Her sanity was also never questioned by her husband, who wrote to Broadmoor in 1873 to ask if his wife could be discharged. The couple intended to leave the country for Germany to start a new life. Dr Orange, the Broadmoor Superintendent, replied that it would do no harm to apply, but he was generally pessimistic about their chances. He was right. Two years later, Broadmoor were still reporting that ‘there is no change in either her state of health, or in her general conduct. She may still be considered as sane. With the exemption of headaches from which she suffers occasionally her bodily health is good, but the recurrence from time to time of headaches indicates that the patient might not improbably relapse if subjected to anxiety or trouble’.

In 1877 some of Ann’s friends asked if it was possible to petition again for her release, and the following year, her husband petitioned once more for her early release. Broadmoor responded.

Ann Nicholls has not, to my knowledge, shown any sign of mental aberration or depression during that time in an equitable and even cheerful frame of mind, and at work in the laundry. She is sane and appears to have been so for several years, and I believe that, under ordinary circumstances, she might without insurmountable risk, be discharged to the care of her husband who is prepared and anxious for her to share the comforts of his home in America (Pittsburg). No doubt, if she again became pregnant and had children (being 38 years of age) there would be risk of relapse (more or less temporary) into insanity so that at such periods, special care and attention would have to be exercised.

This time the appeal was successful and she was discharged in the spring of 1878. She then sailed across the Atlantic on the steamship Greece to join her husband in New York.

Shortly after they were reunited, her husband sent a letter back to Broadmoor thanking them for their kindness and care. The family home was now 33 Penn St, in Pittsburgh.

Rest assured that I shall faithfully observe and carry out the conditions upon which she was released for my own comfort and duty will ever prompt me that way. She is now in the best of health and it will be my greatest earthly aim to keep her so.
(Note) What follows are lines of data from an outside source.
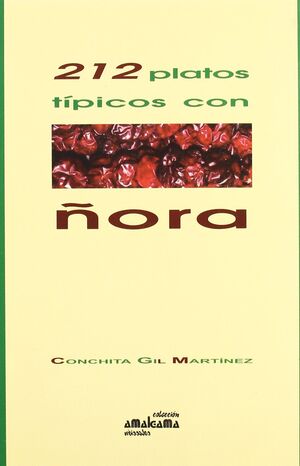 217 PLATOS TÍPICOS CON ÑORA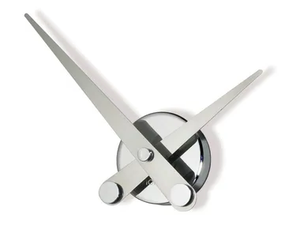 AXIOMA MINI - Wall-mounted metal clock - Styling by Nomon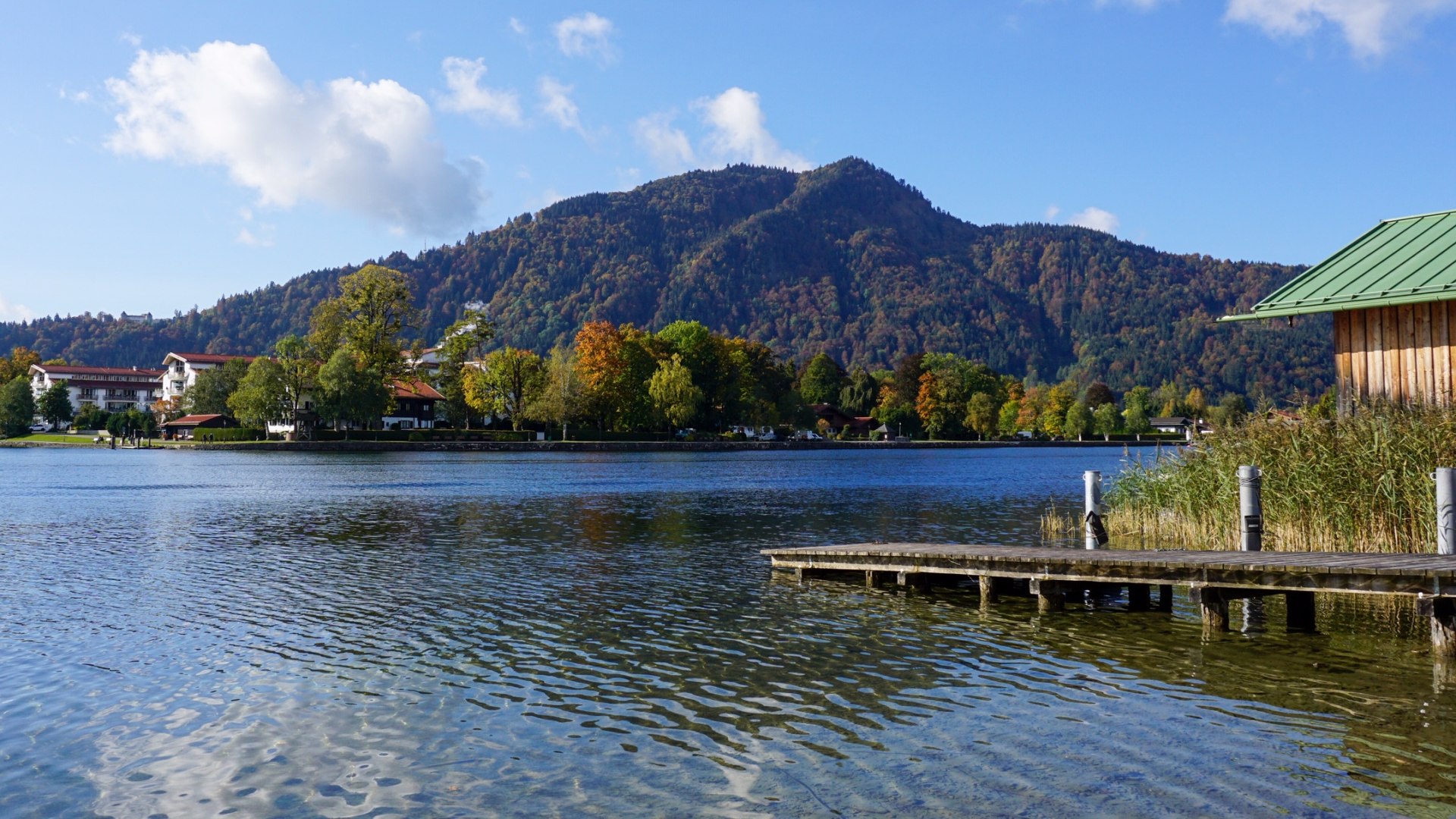 Point, © Der Tegernsee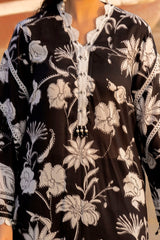 3 Piece Unstitched Printed Lawn Suit B-52004
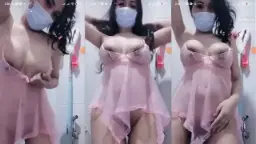 Citra Tobrut Buka Jilbab Dan Mandi Telanjang Dengan Toge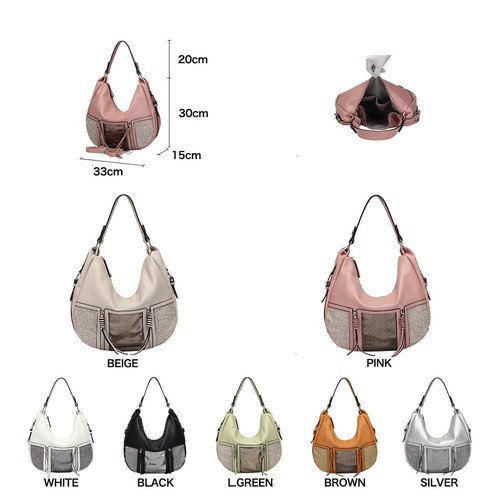 Borsa mano shopper - shopper, donna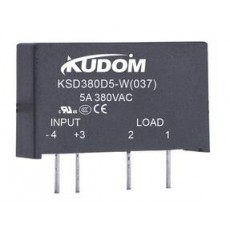 KUDOM固態(tài)繼電器 KSD系列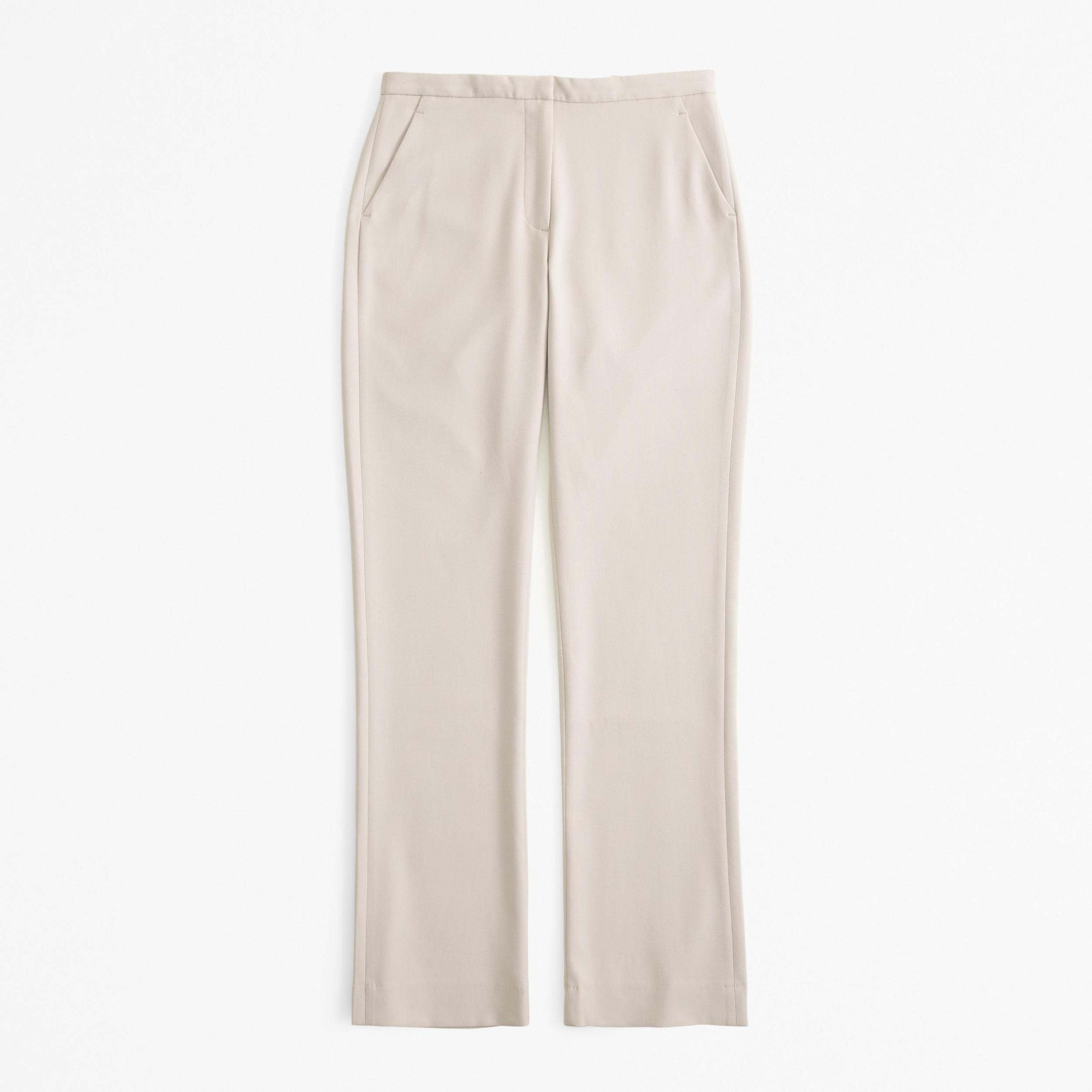 Low Rise Tailored Slim Boot Pant Product Image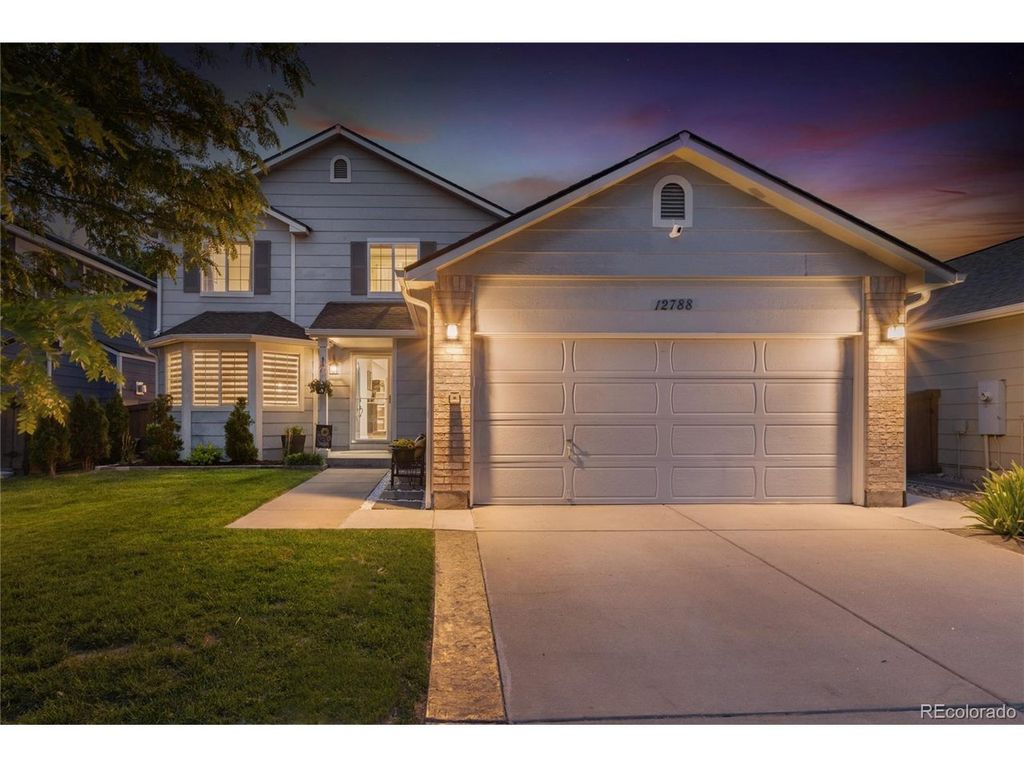 12788 Prince Creek Dr, Parker, CO 80134
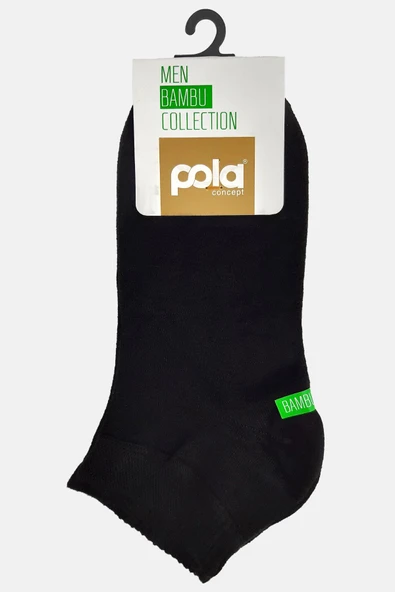 Gd Goldoremi 4180 Erkek Bambu Patik Çorap - 4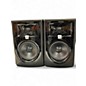 Used JBL LSR305 Pair Powered Monitor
The faithfulness with which I have held to my wife during so long and trying a period will be I hope a sufficient proof to you to give you sincerity of my intentions. With a sincere prayer for the welfare of yourself and yours.

The 1880 US Federal Census showed that she was still living in Pittsburgh with husband and children, and with their newly born son, Ferdinand. They seem then to have moved to Ohio sometime after 1885. The Nicholls joined many other families who were moving westwards during this time, as new economic opportunities opened up. Ann appears to have died sometime between 1900 and 1910 (she appears in the 1900 US Federal Census but not the 1910 Census), and her widowed husband who had stood by her all those years continued to work as a night-watchman, living in rented accommodation with his daughter and grandchildren, until he died.

So, despite committing one of the most serious crimes, and suffering from post-natal depression, and also, let us not forget, coping with living in a secure institution for a number of years, Ann was able to remake her life in a new country. With the support of Broadmoor, and of her very supportive husband, she was able to have more children, and enjoy family life in Pittsburgh and Ohio long after she had walked through Broadmoor’s gates.